[Caption-style text data]
=======
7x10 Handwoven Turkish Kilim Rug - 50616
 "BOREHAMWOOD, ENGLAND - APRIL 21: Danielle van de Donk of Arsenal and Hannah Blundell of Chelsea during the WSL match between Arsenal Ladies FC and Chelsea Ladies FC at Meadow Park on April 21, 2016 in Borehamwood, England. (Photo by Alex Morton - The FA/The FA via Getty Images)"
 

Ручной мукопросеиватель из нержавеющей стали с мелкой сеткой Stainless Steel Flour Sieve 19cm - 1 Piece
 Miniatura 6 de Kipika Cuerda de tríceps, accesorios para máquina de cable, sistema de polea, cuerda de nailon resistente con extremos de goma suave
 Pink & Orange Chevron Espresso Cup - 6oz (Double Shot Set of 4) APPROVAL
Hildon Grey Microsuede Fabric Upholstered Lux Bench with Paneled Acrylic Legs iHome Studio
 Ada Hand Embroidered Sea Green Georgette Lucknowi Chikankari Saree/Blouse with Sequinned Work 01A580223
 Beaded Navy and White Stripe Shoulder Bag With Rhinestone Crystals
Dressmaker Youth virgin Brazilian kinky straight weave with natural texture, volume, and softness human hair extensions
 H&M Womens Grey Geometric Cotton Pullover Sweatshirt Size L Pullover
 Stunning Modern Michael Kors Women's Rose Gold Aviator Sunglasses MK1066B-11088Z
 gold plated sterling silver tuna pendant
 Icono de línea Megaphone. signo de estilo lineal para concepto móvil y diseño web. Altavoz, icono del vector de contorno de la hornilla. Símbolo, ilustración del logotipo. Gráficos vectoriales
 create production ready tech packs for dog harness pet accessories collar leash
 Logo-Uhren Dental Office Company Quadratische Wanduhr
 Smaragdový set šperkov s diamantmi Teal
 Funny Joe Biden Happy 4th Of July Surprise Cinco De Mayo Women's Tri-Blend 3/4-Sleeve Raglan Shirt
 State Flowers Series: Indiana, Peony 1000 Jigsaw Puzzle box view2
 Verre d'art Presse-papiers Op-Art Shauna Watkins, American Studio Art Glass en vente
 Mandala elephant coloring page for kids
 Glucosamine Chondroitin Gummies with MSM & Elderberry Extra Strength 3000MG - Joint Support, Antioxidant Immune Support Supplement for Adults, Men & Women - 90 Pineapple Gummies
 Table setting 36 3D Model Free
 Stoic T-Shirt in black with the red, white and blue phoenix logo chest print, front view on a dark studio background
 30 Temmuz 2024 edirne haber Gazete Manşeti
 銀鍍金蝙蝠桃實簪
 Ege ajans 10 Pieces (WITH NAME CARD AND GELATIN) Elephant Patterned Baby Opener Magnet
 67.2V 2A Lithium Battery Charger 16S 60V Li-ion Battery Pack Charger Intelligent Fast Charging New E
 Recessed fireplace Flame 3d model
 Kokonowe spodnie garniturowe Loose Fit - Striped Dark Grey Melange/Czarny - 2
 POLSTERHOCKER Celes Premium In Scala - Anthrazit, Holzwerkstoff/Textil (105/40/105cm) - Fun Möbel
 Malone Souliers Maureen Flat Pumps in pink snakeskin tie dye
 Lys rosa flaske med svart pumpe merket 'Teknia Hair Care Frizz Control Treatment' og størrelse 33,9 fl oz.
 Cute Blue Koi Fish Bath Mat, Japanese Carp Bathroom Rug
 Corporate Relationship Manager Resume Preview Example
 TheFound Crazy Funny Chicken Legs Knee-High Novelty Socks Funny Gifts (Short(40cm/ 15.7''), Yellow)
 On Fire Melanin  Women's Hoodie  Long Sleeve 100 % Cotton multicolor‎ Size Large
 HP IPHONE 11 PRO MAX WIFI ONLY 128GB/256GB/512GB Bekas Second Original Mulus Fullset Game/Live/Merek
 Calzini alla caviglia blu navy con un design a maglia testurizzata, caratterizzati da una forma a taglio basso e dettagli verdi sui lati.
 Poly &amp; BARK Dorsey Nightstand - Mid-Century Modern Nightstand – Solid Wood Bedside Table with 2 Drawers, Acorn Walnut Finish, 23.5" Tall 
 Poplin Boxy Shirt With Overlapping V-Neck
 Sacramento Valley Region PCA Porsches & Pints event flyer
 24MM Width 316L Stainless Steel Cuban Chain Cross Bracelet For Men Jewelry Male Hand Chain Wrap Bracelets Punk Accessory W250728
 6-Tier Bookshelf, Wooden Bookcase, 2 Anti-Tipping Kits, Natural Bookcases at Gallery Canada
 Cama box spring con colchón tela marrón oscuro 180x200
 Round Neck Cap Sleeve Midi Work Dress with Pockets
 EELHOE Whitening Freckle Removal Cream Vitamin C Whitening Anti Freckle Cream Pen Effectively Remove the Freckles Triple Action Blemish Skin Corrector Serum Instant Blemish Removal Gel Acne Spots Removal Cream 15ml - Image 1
=======
• What to work on
Only the lines above starting at the one containing "67.2V 2A Lithium" and ending at the one containing "Cute Blue Koi", both included, are to be returned, exactly as they read.

• Exercise result
 67.2V 2A Lithium Battery Charger 16S 60V Li-ion Battery Pack Charger Intelligent Fast Charging New E
 Recessed fireplace Flame 3d model
 Kokonowe spodnie garniturowe Loose Fit - Striped Dark Grey Melange/Czarny - 2
 POLSTERHOCKER Celes Premium In Scala - Anthrazit, Holzwerkstoff/Textil (105/40/105cm) - Fun Möbel
 Malone Souliers Maureen Flat Pumps in pink snakeskin tie dye
 Lys rosa flaske med svart pumpe merket 'Teknia Hair Care Frizz Control Treatment' og størrelse 33,9 fl oz.
 Cute Blue Koi Fish Bath Mat, Japanese Carp Bathroom Rug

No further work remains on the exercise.